Pictures stay out; print the rest of the listing below exactly as it stands.

__Supplied data__.
+---+

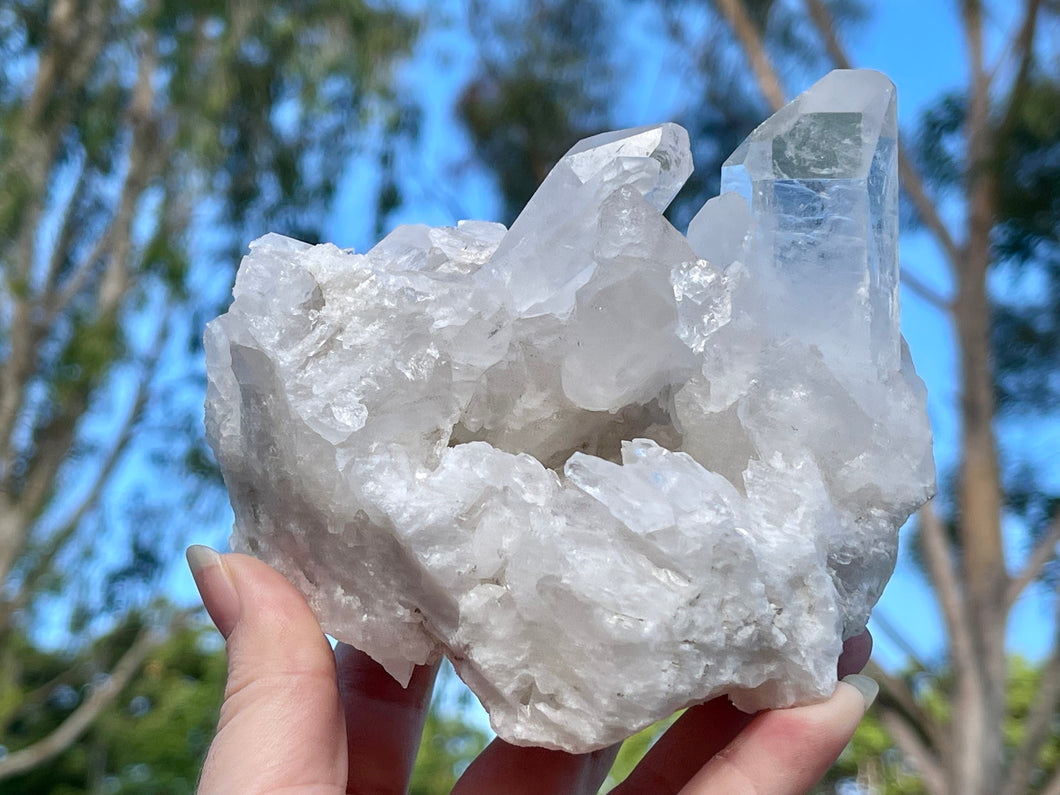 Large Brazilian Clear Quartz Crystal Cluster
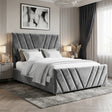 [King | Dark Grey] Diagonal-stitched velvet ottoman bed from the side with white bedding and throw in styled bedroom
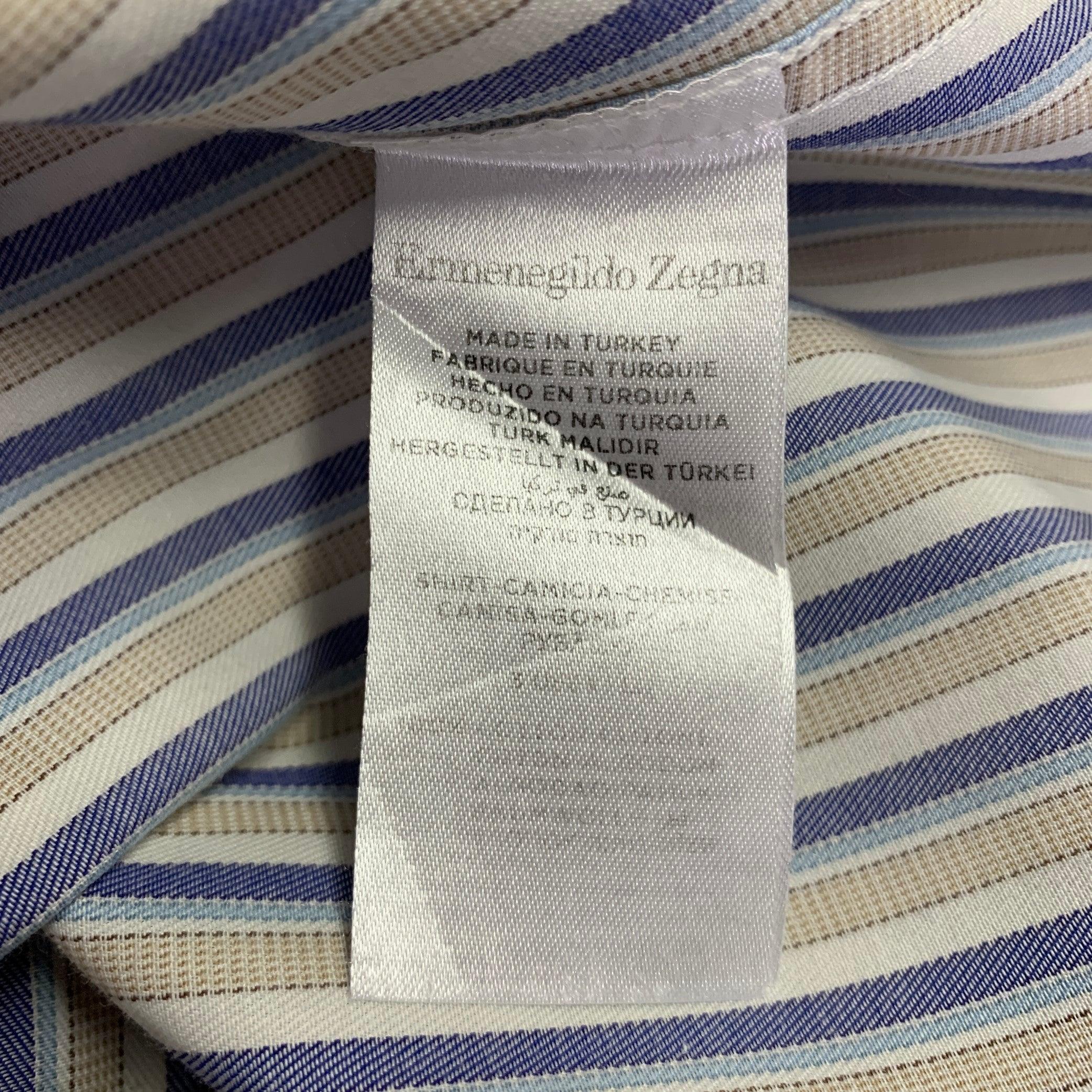 ERMENEGILDO ZEGNA Size M Blue Taupe Stripe Cotton Long Sleeve Shirt For Sale 1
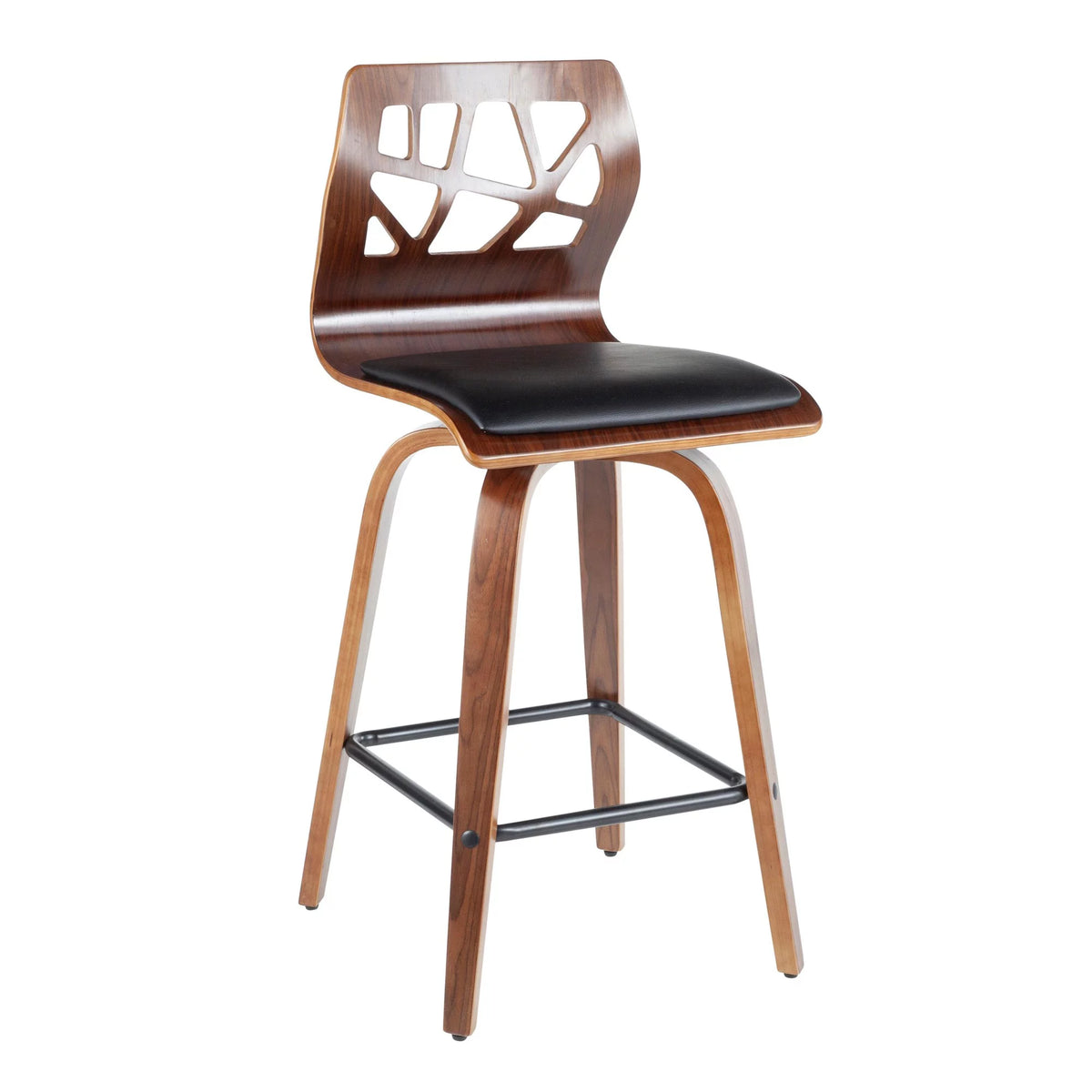 Walnut Wood Black Faux Leather Counter Stool Set of 2 R639195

+---+

__Solved problem__.
 Large Brazilian Clear Quartz Crystal Cluster
 [King | Dark Grey] Diagonal-stitched velvet ottoman bed from the side with white bedding and throw in styled bedroom
 ERMENEGILDO ZEGNA Size M Blue Taupe Stripe Cotton Long Sleeve Shirt For Sale 1
 Walnut Wood Black Faux Leather Counter Stool Set of 2 R639195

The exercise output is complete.